Collected data:
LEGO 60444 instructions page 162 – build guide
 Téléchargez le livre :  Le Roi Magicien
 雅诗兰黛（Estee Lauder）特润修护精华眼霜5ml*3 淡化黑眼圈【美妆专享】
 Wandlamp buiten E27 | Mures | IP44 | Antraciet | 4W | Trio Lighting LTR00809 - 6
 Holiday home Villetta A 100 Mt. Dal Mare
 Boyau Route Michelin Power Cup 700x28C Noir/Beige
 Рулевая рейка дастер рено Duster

(REQUIRED WORK): Output each record precisely as given.

(RESPONSE TO THE EXERCISE):
LEGO 60444 instructions page 162 – build guide
 Téléchargez le livre :  Le Roi Magicien
 雅诗兰黛（Estee Lauder）特润修护精华眼霜5ml*3 淡化黑眼圈【美妆专享】
 Wandlamp buiten E27 | Mures | IP44 | Antraciet | 4W | Trio Lighting LTR00809 - 6
 Holiday home Villetta A 100 Mt. Dal Mare
 Boyau Route Michelin Power Cup 700x28C Noir/Beige
 Рулевая рейка дастер рено Duster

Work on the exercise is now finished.